Earnings


Goldman Sachs could be a winner this earnings season even with weaker revenues, while General Electric could be a loser, with a rare profit miss, according to Morgan Stanley.

Morgan Stanley equity strategists picked nine stocks they believe could be near-term movers in the early weeks of earnings season, either due to earnings or other developments.

One of those is Goldman, which could post better-than-expected on revenues, they said.

Morgan Stanley analyst Betsy Graseck said her revenue forecast is five percent above the consensus, and while she sees revenue from fixed income, currencies and commodities declining by 27 percent, she said it is already “baked into the stock.” The quarter has a tough comparison with last year, but the 19 percent jump in oil prices could help drive an upside surprise, she noted. Stronger stock markets should help trading and investing and lending revenues.

The stock could also see the added benefit of deregulation. Fed Vice Chair of Supervision Randy Quarles was confirmed last week, and Joseph Otting, former OneWest CEO, is likely to be confirmed in the next several weeks to run the Office of the Comptroller of Currency. Four of seven “key regulatory positions will be filled by nominees from the new administration, paving the way for deregulation to accelerate,” Graseck wrote.

Goldman, she said, is the cheapest way to play the deregulation theme since it is less pricey than the money center banks on a price-earnings basis. The company has targeted $900 million in cost cuts and seeks to drive its expense ratio lower, from 66 percent in 2016 to 62 percent in 2018.
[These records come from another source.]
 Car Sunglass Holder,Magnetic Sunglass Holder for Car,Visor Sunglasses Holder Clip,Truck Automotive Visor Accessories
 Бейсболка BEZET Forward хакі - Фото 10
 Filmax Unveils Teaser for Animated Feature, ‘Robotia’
GE, on the other hand, could see a rare earnings miss, said Morgan Stanley analyst Nigel Coe. Coe said GE could miss versus the consensus due to its power and aviation results.
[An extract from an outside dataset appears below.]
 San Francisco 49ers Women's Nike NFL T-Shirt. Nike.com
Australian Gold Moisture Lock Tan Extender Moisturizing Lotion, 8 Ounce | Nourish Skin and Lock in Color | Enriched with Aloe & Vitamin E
“We also expect FY guidance to come under pressure on a revised outlook for flattish power” unit results, which the consensus sees up 5 to 10 percent, Coe noted. He also sees pressure at aviation and shortfalls in energy and transportation segments.
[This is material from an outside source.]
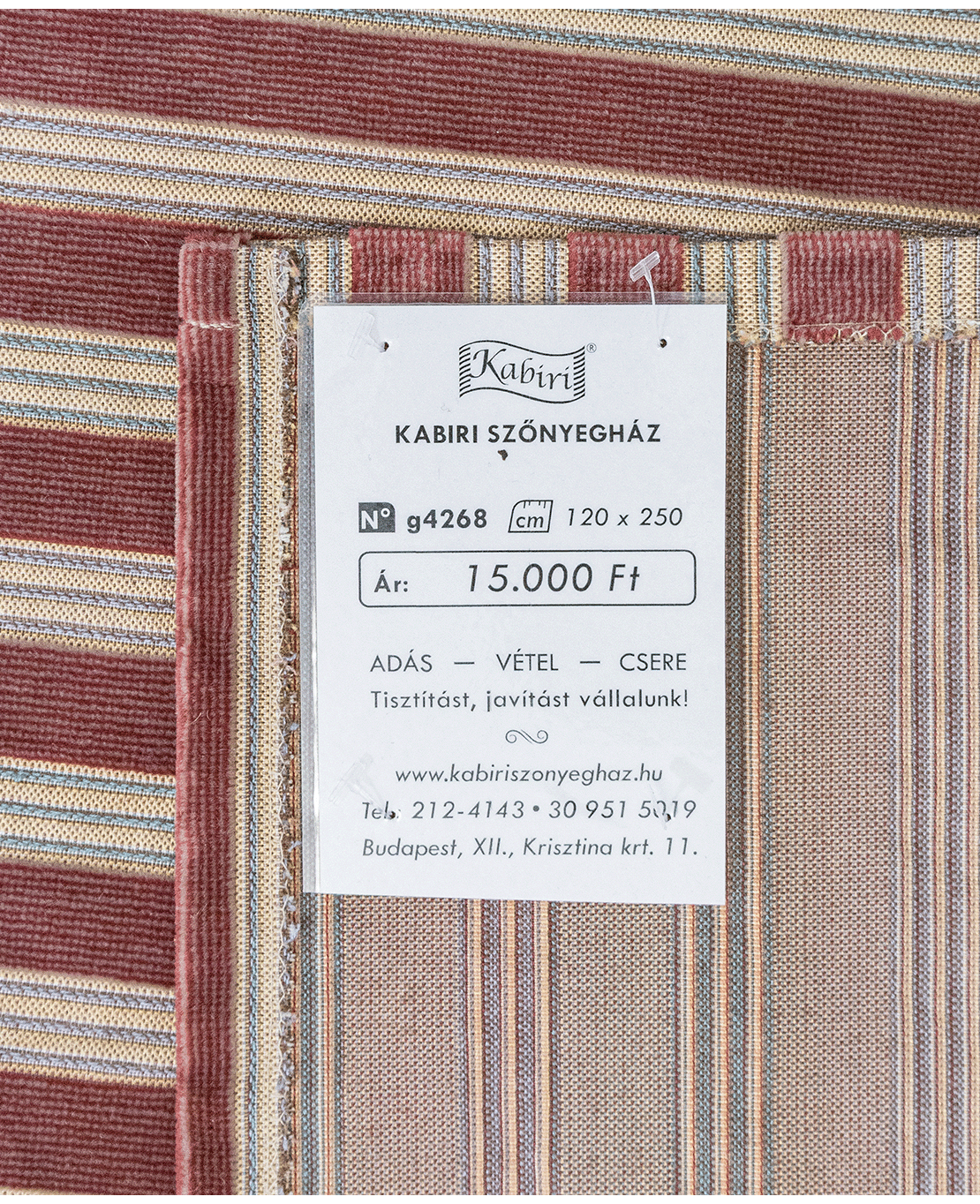Bársony asztalterítő - Image 7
Coe said he agrees with the bears that GE has “deteriorating cash flow, low earnings quality, persistent downside and no clear break-up value.” There will likely be revisions to 2018 expectations but he added that earnings can grow past 2018 with improved growth in aviation, health care and renewables through 2020.

Among the stocks on Morgan Stanley’s potential list of earnings season winners are Alexion Pharmaceuticals, which may miss on Solaris revenues but could get approval for extending the drug’s use. The FDA PFUDA data is Oct. 23 and could drive the stock “materially higher and more than offset the weak quarter,” the firm noted. Margins are also improving as a new, experienced management team takes charge.

Others in the group for potential upside are Bank of the Ozarks, Invesco and Thermo Fisher.

Stocks that may stumble during earnings include Amgen, Group 1 Automotive and Popular Inc, according to the note. On Amgen, Morgan Stanley said the earnings could be weak on concerns about Enbrel, which is 25 percent of revenues. Morgan Stanley, however, is overweight Amgen and said there will be upside from its pipeline and recent launches.